I’ve said it before and I’ll say it again. One of the things I love about being an author and social media is the opportunity to meet other authors from all over the world!
Today, please meet Graham Austin, children’s book author and now paranormal author! His first adult novel, Fae – The Wild Hunt is available today!
Graham Austin-King began his writing with children's stories to entertain his children when walking them to and from school. When he started getting demands to repeat the same story over and over again he decided to write them down.
Liam and the Grump was soon followed by Captain Pegleg and the Greatest Treasure.
Fantasy is the genre which has always appealed to him, a result of reading too many books and playing too many roleplaying games and computer games. Having weaned himself on Tolkein he cut his teeth on David Eddings and Raymond E. Feist.
Finally the keyboard beckoned, there were worlds to create.
Graham lives in Kent in England with his wife and three younger children.
Graham was kind enough to entertain some questions from me. Please read on.
Author Q & A
1) Tell us a bit about Fae - The Wild Hunt.
Fae is an epic fantasy story but I've tried to do something a little different with it. I suppose I would describe it as a story about ordinary people dealing with extraordinary events and situations rather than some of the more stereotypical fantasy stories. The book tells the tale of the return of the Fae to a world which has forgotten them and dismissed them as nothing more than myth and folklore. At the same time we have the beginnings of a massive conflict as a nation of warriors that had always survived by raiding decides to embark on a campaign of conquest. It's quite a dark story and a dramatic departure from anything I've published before.
2) What inspired you to write this story?
The concept of the Fae, or fairies is nothing new really. You can trace fairies, sithe and elves back to Norse mythology and there are fairy stories littered all over the British Isles and probably the world. What I do find interesting though, is that prior to Disney, there are hardly any stories where these creatures are benevolent. Nobody ever said faeries were nice! Grimm's tales are about as dark as they get and even the original Peter Pan by J.M Barrie has a decidedly darker take on Tinkerbelle than most are familiar with.
This idea sort of popped into my head one day, who was it that said fairies were nice? Then I got to thinking what if they were real but the world had forgotten the truth about them? The rest of the book pretty much developed from there and I don't want to give anything away so I'd better stop there.
3) How did you make the leap from writing children's books to epic fantasy?
The children's books were stories that I made up almost on the spot. I walk my kids to school and back each day and the stories were made up on the walk. They developed a lot once they were written down, but that's the core of the writing process for them. Fantasy is the genre that I've always read though. I grew up on Eddings, Feist and Weiss & Hickman. It wasn't hard to make the genre shift, making the jump from a book taking three or four weeks to taking eight months or so however, took some getting used to.
4) What tips do you have for breaking through creative road blocks?

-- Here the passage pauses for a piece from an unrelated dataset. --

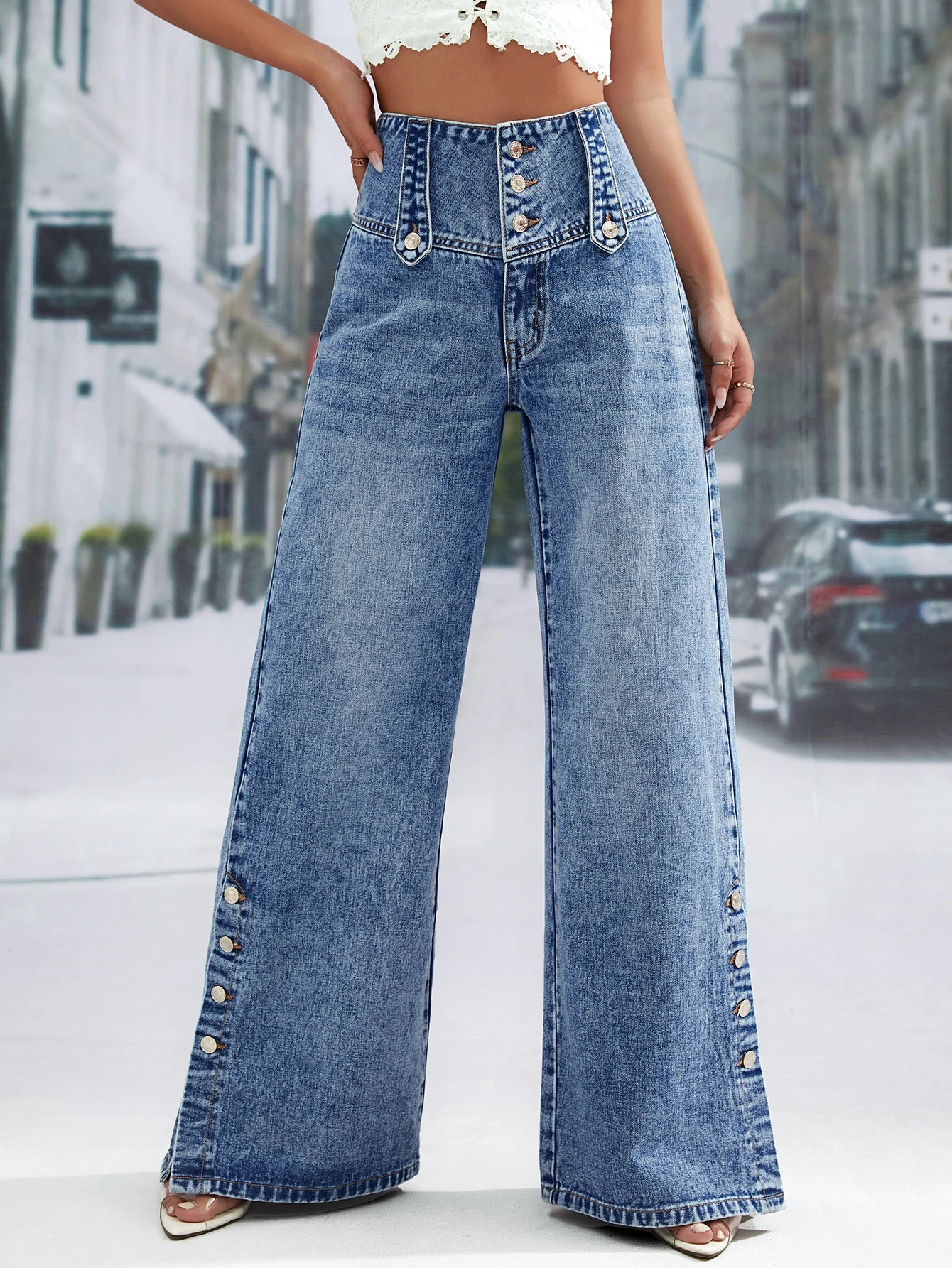 SHEIN Essnce Button Fly Wide Leg Jeans | SHEIN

Walking helped with me. There were a couple of times where I simply had no idea where to go next. I developed the end of the story early on, it was the path there that was giving me problems. My wife became quite used to kicking me out of the house to go and work through them.
5) What writing project is up next for you?
Fae the Wild Hunt is crying out for a sequel, we'll have to see how things go with this one but that would be the next project. I expect this to become a trilogy although the scope of the story might stretch to four.